So, not quite a billion triple challenge post, but the data is the same. I had the idea that I compare the Pay-Level-Domains (PLD) of the context of the triples based on what predicates is used within each one. Then once I had the distance-metric, I could use FastMap to visualise it. It would be a quick hack, it would look smooth and great and be fun. In the end, many hours later, it wasn’t quick, the visual is not smooth (i.e. it doesn’t move) and I don’t know if it looks so great. It was fun though. Just go there and look at it:
As you can see it’s a large PNG with the new-and-exciting ImageMap technology used to position the info-popup, or rather used to activate the JavaScript used for the popups. I tried at first with SVG, but I couldn’t get SVG and XHTML and Javascript to play along, I guess in Firefox 5 it will work. The graph is laid out and generated Graphviz‘s neato, which also generated the imagemap.
So what do we actually see here? In short, a tree where domains that publish similar Semantic Web data are close to each other in the tree and have similar colours. In detail: I took the all PLDs that contained over 1,000 triples, this is around 7500, and counted the number of triples for each of the 500 most frequent predicates in the dataset. (These 500 predicates cover ≈94% of the data).

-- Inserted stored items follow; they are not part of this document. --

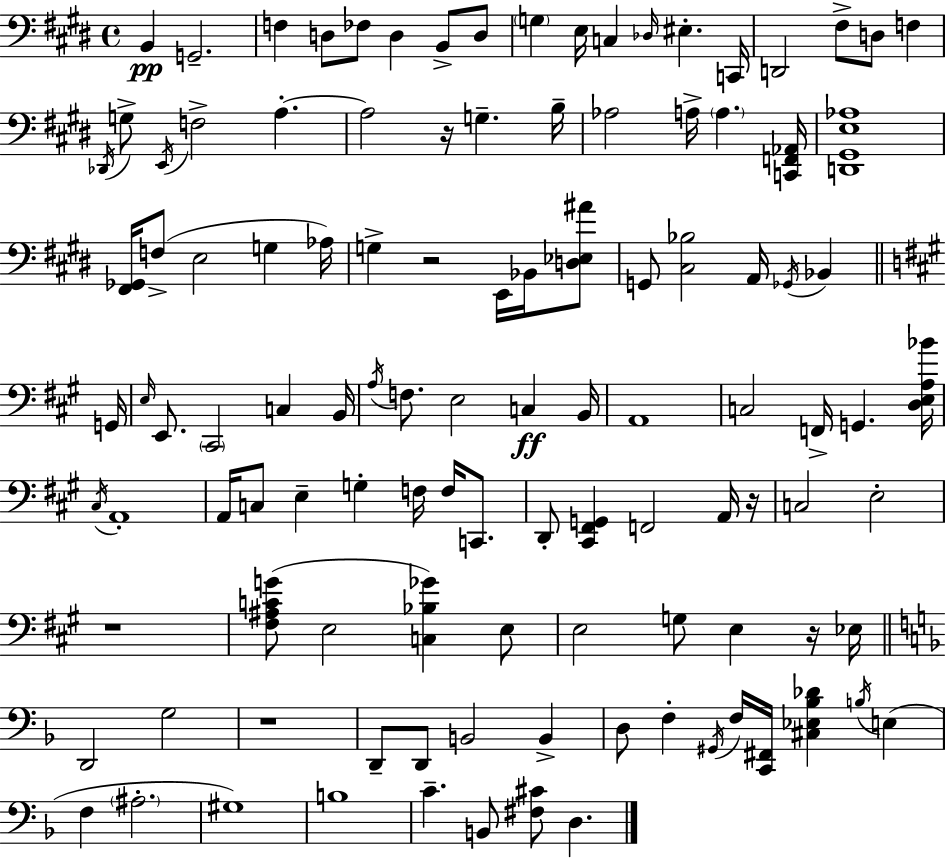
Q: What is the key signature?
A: E major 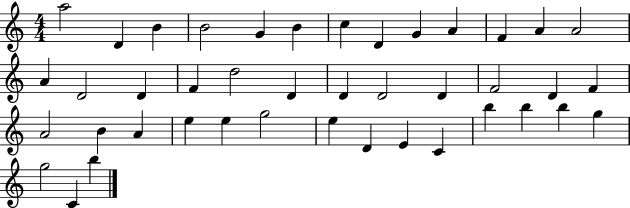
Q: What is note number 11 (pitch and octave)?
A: F4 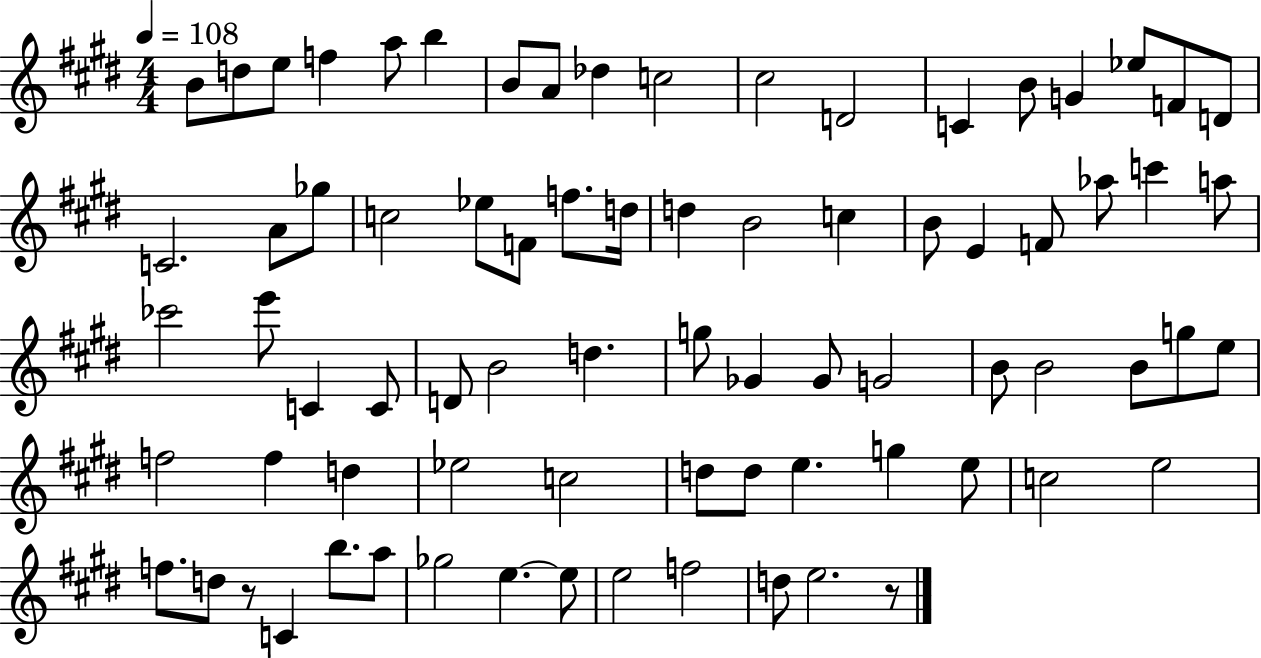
X:1
T:Untitled
M:4/4
L:1/4
K:E
B/2 d/2 e/2 f a/2 b B/2 A/2 _d c2 ^c2 D2 C B/2 G _e/2 F/2 D/2 C2 A/2 _g/2 c2 _e/2 F/2 f/2 d/4 d B2 c B/2 E F/2 _a/2 c' a/2 _c'2 e'/2 C C/2 D/2 B2 d g/2 _G _G/2 G2 B/2 B2 B/2 g/2 e/2 f2 f d _e2 c2 d/2 d/2 e g e/2 c2 e2 f/2 d/2 z/2 C b/2 a/2 _g2 e e/2 e2 f2 d/2 e2 z/2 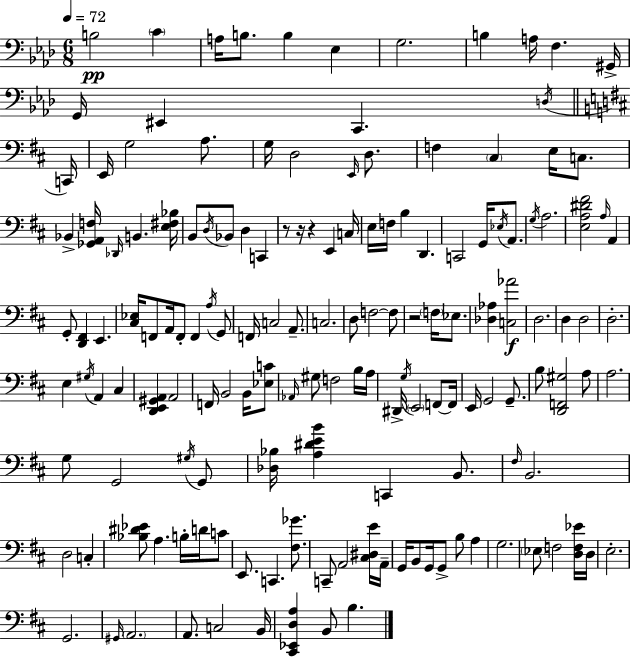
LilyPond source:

This gave me a vector-space with 500 features for each of the PLDs, i.e. something like this:
geonames:nearbyFeature | dbprop:redirect | foaf:knows | … | |
dbpedia.org | 0.01 | 0.8 | 0.1 | |
livejournal.org | 0 | 0 | 0.9 | |
geonames.org | 0.75 | 0 | 0.1 | |
… |
Each value is the percentage of triples from this PLD that used this predicate. In this vector space I used the cosine-similarity to compute a distance matrix for all PLDs. With this distance matrix I thought I could apply FastMap, but it worked really badly and looked like this:
So instead of FastMap I used maketree from the complearn tools, this generates trees from a distance matrix, it generates very good results, but it is an iterative optimisation and it takes forever for large instances. Around this time I realised I wasn’t going to be able to visualise all 7500 PLDs, and cut it down to the 2000, 1000, 500, 100, 50 largest PLDs. Now this worked fine, but the result looked like a bog-standard graphviz graph, and it wasn’t very exciting (i.e not at all like this colourful thing). Now I realised that since I actually had numeric feature vectors in the first place I wasn’t restrained to using FastMap to make up coordinates, and I used PCA to map the input vector-space to a 3-dimensional space, normalised the values to [0;255] and used these as RGB values for colour. Ah – lovely pastel.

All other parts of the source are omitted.